It seems pretty important.
This boy mkay is Jew.
Mkay? Jew like you.
Okay? Please Please try speak to Jew.
[Sighs.]
We're just trying to tell them that we come on very urgent business.
Anything? He said they come on urgent business.
Oh, what did he need? Look, we believe that this school has something which is of the utmost important to our people.
We wish to see the red cow.
The red come on, you can't possibly be here for that.
For what? What did he say, Kyle? Please, you must understand.
The fate of the world is at stake.
The coming of a red heifer is the most holy sign in all of Judaism.
It signals the beginning of the end.
It is not just our religion, but Islam and Christianity as well.
They all agree on one thing That the red heifer means the end of times.
Did you catch any of that, Kyle? - It's right over here by - Oh, my holy schmear! [Speaking Farsi.]
The Muslims, they beat us here.
What's going on, Kyle? He said the Muslims beat them here.
Goddamn it! Step away.
You all know what this means.
Yes.
And you know you're about to die.
Hold on, everybody, this thing isn't even Don't touch it! [Background noise.]
Well, I just ran to the school and told everyone "Hey, there's a red-headed cow outside.
You should all see it.
" Cartman, stop! You don't know what you're doing.
I'm pretty sure that this cow can make ginger cheese which is like a Swiss cheese, except instead of holes it has freckles.
[Snickering.]
Nooooo! The Muslims and the Christians are calling for a meeting to discuss the terms of war.
Very well.
Let us meet to discuss how the world as we know it ends.
All right, so far we agree there'll be no automatic rifles, no shanks, and no chemical weapons.
If there can be no chemical weapons, then the Christians can use no nuclear weapons.
[Overlapping yelling in Farsi.]
Oh, come on.
Without nuclear weapons, what kind of final Armageddon is this gonna be? - Yeah! - That's right! Could we agree on non-ballistic nuclear only? - Yeah, I suppose that's fine.
- That makes sense.
Non-ballistic nuclear only.
All right.
Now on to prisoners.
Are we all agreeing to decapitations? Of course we are! What do you think this is? Yeah, come on.
[Yelling in Farsi.]
Wait a minute.
Wait a minute! Has anyone noticed something? We are all in a room together.
Talking.
Has it occurred to anyone else that this prophecy, which amazingly is in all three religions, could actually be meant to bring us together? The prophecy says the red heifer signals the end.

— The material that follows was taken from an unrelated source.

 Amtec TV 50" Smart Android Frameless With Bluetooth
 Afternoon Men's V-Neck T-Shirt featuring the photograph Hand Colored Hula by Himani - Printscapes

Could it mean the end of war? If the cow is sacrificed in Israel, according to the prophecy, then perhaps it could bring about peace.
[Mystical singing.]
[Helicopter whirring.]
Moooo! After all the years of holy wars and hatred, a possibility for peace in the middle east.

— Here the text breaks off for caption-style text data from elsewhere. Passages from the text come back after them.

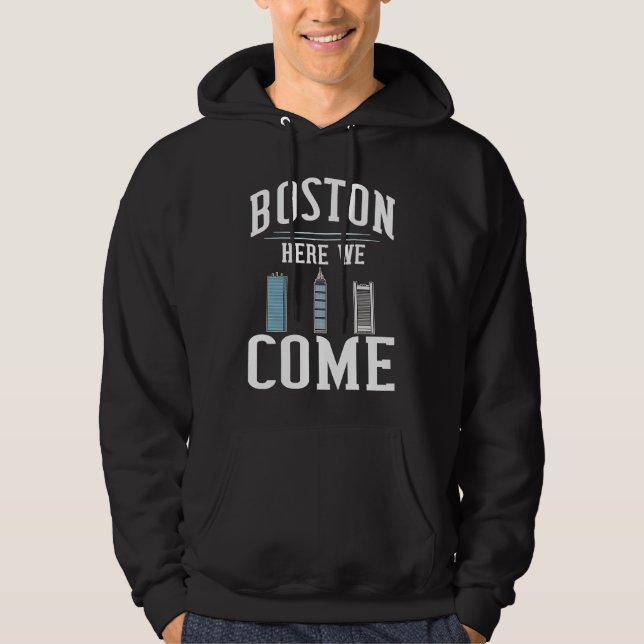 Veste À Capuche Boston Massachusetts City Skyline Map Travel (Devant)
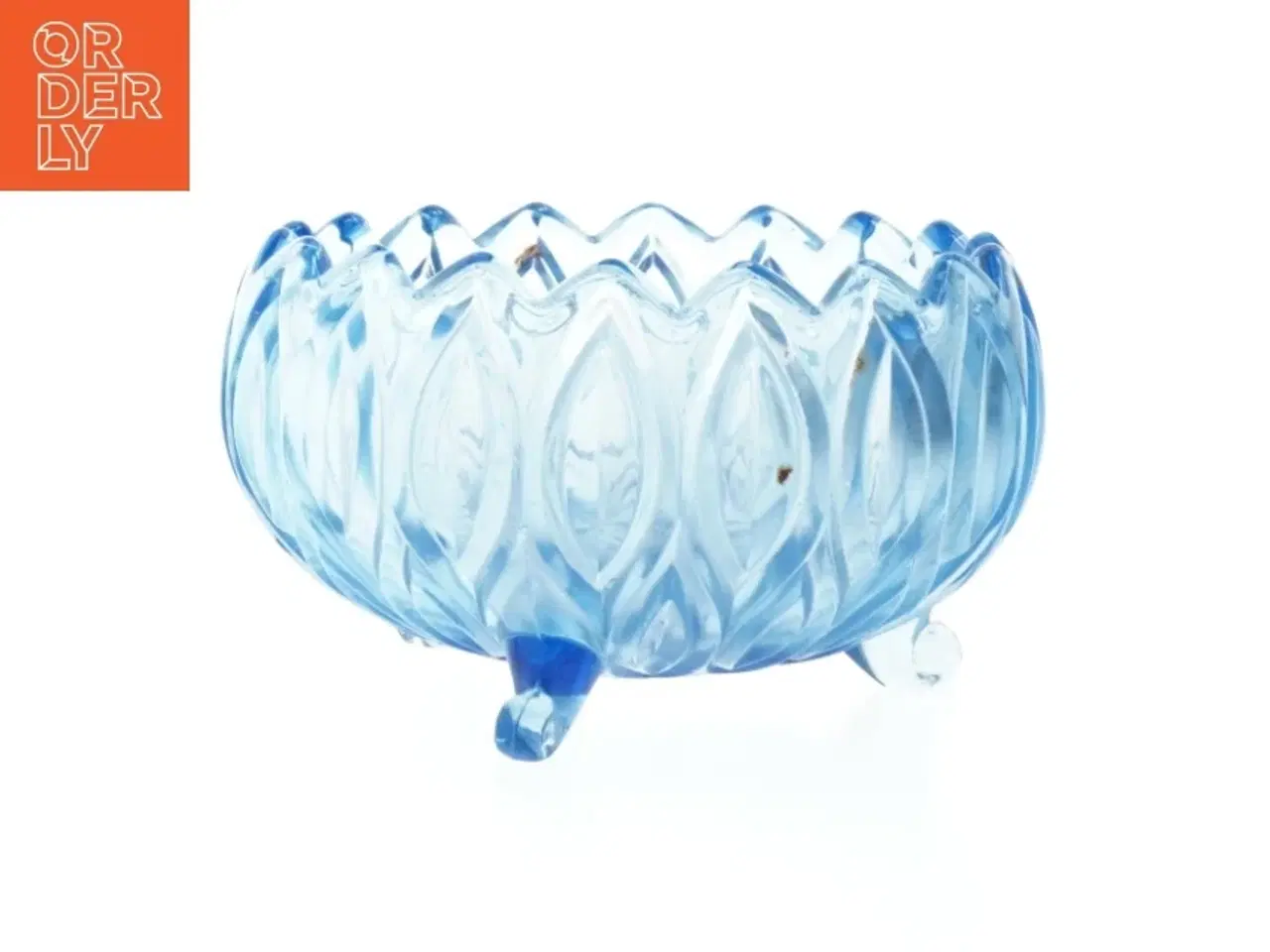 Billede 1 - Blå glas-dekoreret skål (str. Ø 15 cm)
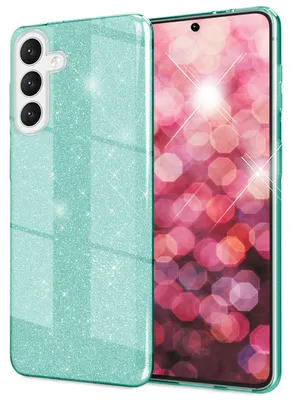 Immagine prodotto di NALIA Custodia ibrida glitterata per Samsung Galaxy S24, Custodia protettiva glamour lucida con silicone rinforzato verde menta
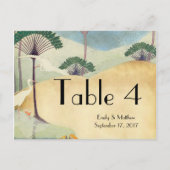 Palm Tree & Crane Hochzeit in Urlaubsort Einladung (Rückseite)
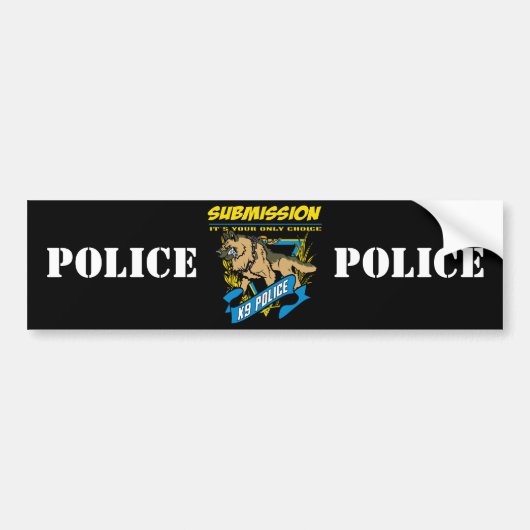 警察K9の服従 バンパーステッカー (正面)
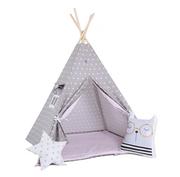Namioty i tipi dla dzieci - SowkaDesign Namiot tipi dla dzieci, bawełna, okienko, kotek, różowy pyłek - miniaturka - grafika 1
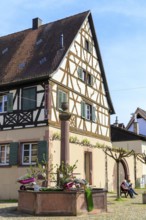 Wettebrunnen or Judenbrunnen in front of a historic half-timbered house in Endingen am Kaiserstuhl,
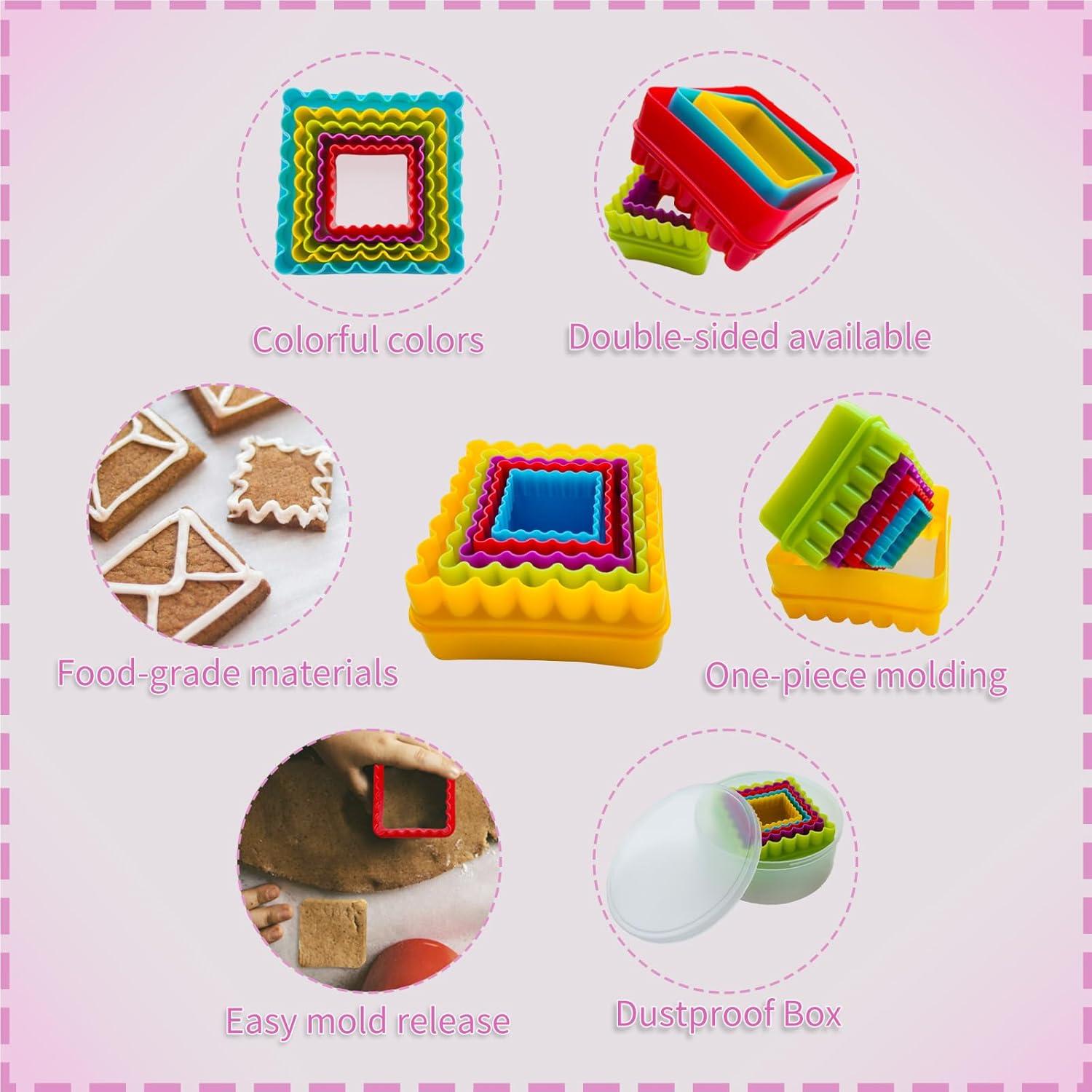 Juego de Cortadores de Galletas Cuadrados Bolonie - 5 Piezas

In the past 48 hours, Jews, Muslims, and Christians have met in Israel to sort out their differences.
It may be a rocky road, but many say the chance for peace is real and all because of a red cow discovered by a young boy here in the U.
S.
[Doorbell rings.]
Hey, Kyle, you got a minute? Yeah.
I've got to tell you something, Kyle.
The red-headed cow isn't real.
I made him up.
- No shit.
- I totally lied, Kyle.
And when you asked me if I lied I looked you right in the eye and I said no.
I owe you an apology, and I mean it.
Well, it's okay.
There's no denying it all worked out for the best this time.
No! No, Kyle, you said it's never for the best.
Remember that? And you're right.
- You're right, Kyle! - Oh, no, no, no.
Cartman, don't you do this.
The middle east is finally at peace.
But it's not true.
Kyle, I'm being serious.
I really think I have to tell the truth.
I don't know how I can live with this.
I don't think I can unless Unless, I don't know, maybe you called your mom a fat skank.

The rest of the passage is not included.